A number of studies during the nineties have shown that antihypertensive therapy, particularly using RAS blockade, can reduce uremia progression, and ESRD incidence.
National incidence rates were studied of end stage renal disease (ESRD) for Denmark between 1990 and 2011, and of national prescription of antihypertensive drugs between 1995 and 2010, in order to investigate whether prescription rates had changed, and whether the expected change in ESRD had materialized. The Danish Nephrology Registry (DNR) is incident and comprehensive. Incidence rates were classified according to renal diagnosis.
ESRD incidence was constant for age groups <60 years. Incidence rates rose during the nineties for all cohorts >60 years. Since 2001 rates for subjects 60–70 years have fallen from 400 ppm/yr to 234, and since 2002 for subjects 70–80 years from 592 to 398. The incidence of patients >80 years has increased to 341. The falling incidence for patients 60–80 years was distributed among a number of diagnoses. Since 1995 national antihypertensive drug therapy has increased from 24.5 defined daily doses (DDD)/citizen/yr to 101.3, and the proportion using renin-angiotensin system (RAS) blockade from 34 to 58%.

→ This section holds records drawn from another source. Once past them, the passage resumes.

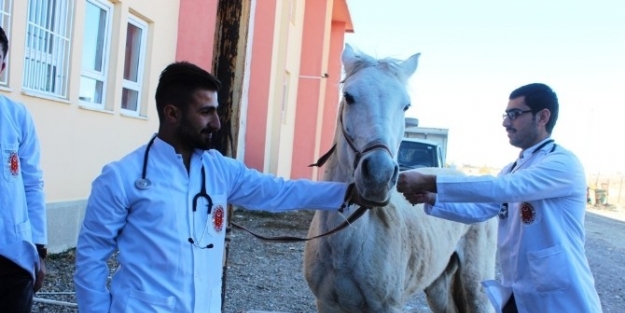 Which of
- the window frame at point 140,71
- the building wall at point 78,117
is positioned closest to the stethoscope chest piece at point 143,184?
the building wall at point 78,117

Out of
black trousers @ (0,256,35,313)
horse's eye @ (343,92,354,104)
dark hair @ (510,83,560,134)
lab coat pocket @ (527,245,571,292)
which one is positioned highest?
dark hair @ (510,83,560,134)

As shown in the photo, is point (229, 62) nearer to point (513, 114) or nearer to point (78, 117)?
point (513, 114)

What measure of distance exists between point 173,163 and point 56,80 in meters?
5.45

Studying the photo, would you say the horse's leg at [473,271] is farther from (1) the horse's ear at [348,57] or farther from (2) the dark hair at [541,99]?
(1) the horse's ear at [348,57]

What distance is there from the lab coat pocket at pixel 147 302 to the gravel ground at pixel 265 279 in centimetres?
348

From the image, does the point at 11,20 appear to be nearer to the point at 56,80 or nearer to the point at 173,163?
the point at 56,80

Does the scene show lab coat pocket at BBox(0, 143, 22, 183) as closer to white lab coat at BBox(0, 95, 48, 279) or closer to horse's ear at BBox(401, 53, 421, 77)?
white lab coat at BBox(0, 95, 48, 279)

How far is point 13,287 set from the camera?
2.69 meters

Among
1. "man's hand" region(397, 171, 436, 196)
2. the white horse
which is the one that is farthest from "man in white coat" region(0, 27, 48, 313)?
"man's hand" region(397, 171, 436, 196)

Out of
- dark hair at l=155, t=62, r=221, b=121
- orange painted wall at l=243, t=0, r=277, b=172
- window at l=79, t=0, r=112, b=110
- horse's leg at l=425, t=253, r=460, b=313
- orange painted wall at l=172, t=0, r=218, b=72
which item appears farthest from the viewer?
orange painted wall at l=243, t=0, r=277, b=172

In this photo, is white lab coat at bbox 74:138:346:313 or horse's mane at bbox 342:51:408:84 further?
horse's mane at bbox 342:51:408:84

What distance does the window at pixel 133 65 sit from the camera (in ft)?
28.4

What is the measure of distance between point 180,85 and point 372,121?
0.93 meters

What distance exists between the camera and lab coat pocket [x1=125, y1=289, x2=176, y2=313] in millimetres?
2008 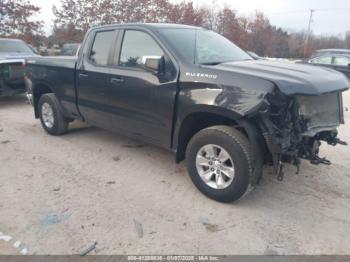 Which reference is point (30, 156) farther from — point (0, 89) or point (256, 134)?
point (0, 89)

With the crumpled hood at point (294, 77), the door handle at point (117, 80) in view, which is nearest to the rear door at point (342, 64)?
the crumpled hood at point (294, 77)

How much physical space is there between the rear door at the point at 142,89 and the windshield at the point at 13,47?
21.3 feet

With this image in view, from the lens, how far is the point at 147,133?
461 centimetres

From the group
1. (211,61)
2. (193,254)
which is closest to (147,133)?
(211,61)

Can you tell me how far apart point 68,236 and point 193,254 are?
46.8 inches

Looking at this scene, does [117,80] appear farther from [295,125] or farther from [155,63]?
[295,125]

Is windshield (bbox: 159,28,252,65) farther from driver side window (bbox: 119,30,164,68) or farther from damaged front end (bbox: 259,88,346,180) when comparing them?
damaged front end (bbox: 259,88,346,180)

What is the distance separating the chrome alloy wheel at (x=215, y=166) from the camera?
3817 mm

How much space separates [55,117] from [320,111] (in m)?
4.42

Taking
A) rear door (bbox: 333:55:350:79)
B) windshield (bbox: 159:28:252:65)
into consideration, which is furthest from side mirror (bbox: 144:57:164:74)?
rear door (bbox: 333:55:350:79)

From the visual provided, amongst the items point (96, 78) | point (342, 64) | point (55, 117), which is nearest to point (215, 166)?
point (96, 78)

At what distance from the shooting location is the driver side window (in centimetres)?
439

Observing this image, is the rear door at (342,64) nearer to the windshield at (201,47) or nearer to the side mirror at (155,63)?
the windshield at (201,47)

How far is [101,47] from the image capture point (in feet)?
17.2
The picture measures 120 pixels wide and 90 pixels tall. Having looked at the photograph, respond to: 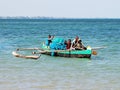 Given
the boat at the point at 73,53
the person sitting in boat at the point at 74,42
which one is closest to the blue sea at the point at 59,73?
the boat at the point at 73,53

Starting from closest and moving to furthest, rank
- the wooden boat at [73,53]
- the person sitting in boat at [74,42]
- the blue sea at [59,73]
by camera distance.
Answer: the blue sea at [59,73], the wooden boat at [73,53], the person sitting in boat at [74,42]

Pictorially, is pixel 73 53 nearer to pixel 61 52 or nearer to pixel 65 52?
pixel 65 52

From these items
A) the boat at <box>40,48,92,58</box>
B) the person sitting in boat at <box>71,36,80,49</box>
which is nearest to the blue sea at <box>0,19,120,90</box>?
the boat at <box>40,48,92,58</box>

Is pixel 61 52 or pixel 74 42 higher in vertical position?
pixel 74 42

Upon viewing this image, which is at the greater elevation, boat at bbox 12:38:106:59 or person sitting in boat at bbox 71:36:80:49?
person sitting in boat at bbox 71:36:80:49

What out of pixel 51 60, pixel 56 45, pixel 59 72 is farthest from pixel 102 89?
pixel 56 45

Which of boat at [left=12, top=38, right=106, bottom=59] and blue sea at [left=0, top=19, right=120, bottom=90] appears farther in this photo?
boat at [left=12, top=38, right=106, bottom=59]

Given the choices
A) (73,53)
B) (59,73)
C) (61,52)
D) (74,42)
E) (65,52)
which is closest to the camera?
(59,73)

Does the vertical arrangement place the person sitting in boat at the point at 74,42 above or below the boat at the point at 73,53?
above

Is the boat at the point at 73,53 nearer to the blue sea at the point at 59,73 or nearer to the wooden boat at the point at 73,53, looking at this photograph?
the wooden boat at the point at 73,53

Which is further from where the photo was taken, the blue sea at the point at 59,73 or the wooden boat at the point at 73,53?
the wooden boat at the point at 73,53

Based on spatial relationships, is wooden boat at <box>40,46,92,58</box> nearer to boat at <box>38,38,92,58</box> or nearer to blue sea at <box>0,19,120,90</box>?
boat at <box>38,38,92,58</box>

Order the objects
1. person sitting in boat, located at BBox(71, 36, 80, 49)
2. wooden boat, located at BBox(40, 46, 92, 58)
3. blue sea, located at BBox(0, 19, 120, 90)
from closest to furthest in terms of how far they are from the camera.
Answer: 1. blue sea, located at BBox(0, 19, 120, 90)
2. wooden boat, located at BBox(40, 46, 92, 58)
3. person sitting in boat, located at BBox(71, 36, 80, 49)

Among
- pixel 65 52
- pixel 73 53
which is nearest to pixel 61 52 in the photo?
pixel 65 52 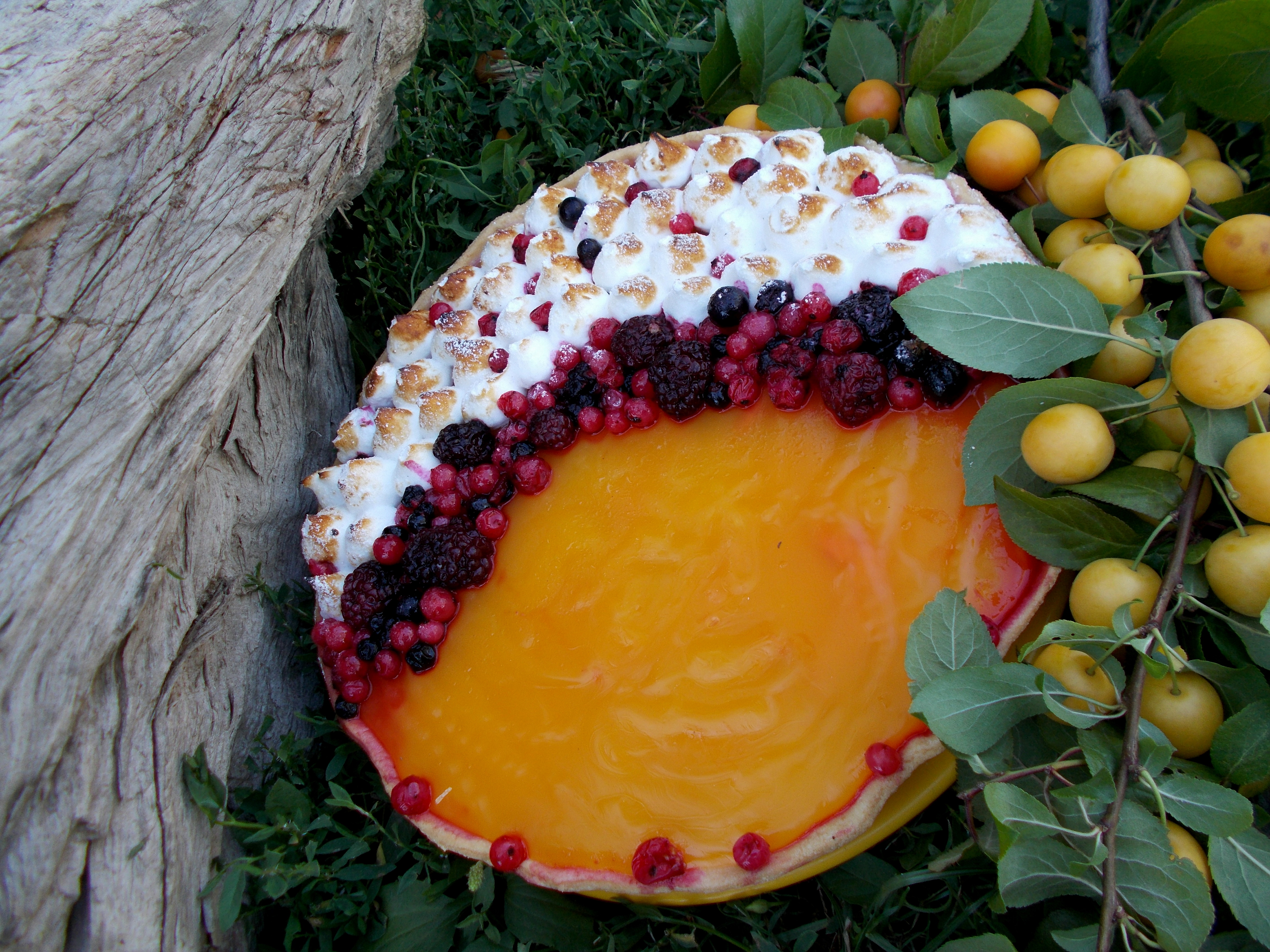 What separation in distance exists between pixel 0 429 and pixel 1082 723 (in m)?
1.72

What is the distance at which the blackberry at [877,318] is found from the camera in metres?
1.65

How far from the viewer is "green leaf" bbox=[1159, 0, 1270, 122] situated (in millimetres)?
1605

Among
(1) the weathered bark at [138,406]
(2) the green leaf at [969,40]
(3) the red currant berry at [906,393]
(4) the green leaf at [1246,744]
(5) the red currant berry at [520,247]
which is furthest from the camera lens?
(5) the red currant berry at [520,247]

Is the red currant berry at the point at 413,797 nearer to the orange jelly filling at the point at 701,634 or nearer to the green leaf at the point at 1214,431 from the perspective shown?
the orange jelly filling at the point at 701,634

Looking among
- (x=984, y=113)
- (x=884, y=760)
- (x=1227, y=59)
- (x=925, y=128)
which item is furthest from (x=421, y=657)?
(x=1227, y=59)

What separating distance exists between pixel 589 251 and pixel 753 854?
125 cm

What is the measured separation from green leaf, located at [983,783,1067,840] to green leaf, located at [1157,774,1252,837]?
0.55 ft

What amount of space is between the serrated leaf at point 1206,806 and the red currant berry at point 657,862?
2.53ft

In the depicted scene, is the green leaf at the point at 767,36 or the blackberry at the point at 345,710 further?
the green leaf at the point at 767,36

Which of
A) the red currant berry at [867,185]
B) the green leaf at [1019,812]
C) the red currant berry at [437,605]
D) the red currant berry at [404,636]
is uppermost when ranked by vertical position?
the red currant berry at [867,185]

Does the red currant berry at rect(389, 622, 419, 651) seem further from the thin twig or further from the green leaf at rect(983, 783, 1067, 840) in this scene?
the thin twig

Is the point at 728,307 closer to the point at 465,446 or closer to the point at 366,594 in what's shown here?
the point at 465,446

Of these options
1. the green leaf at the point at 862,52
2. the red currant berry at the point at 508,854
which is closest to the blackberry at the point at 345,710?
the red currant berry at the point at 508,854

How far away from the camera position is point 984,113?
6.42ft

This national study has shown a reduction in actively treated ESRD incidence among patients aged 60–80 years. It is possible that this is the result of increased antihypertensive prescription rates, particularly with RAS blockade. If it is assumed that therapeutic intervention is the cause of the observed reduced incidence, ESRD incidence has been reduced by 33.8 ppm/yr, prevalence by 121 ppm, and ESRD expenditure by 6 €/citizen/yr.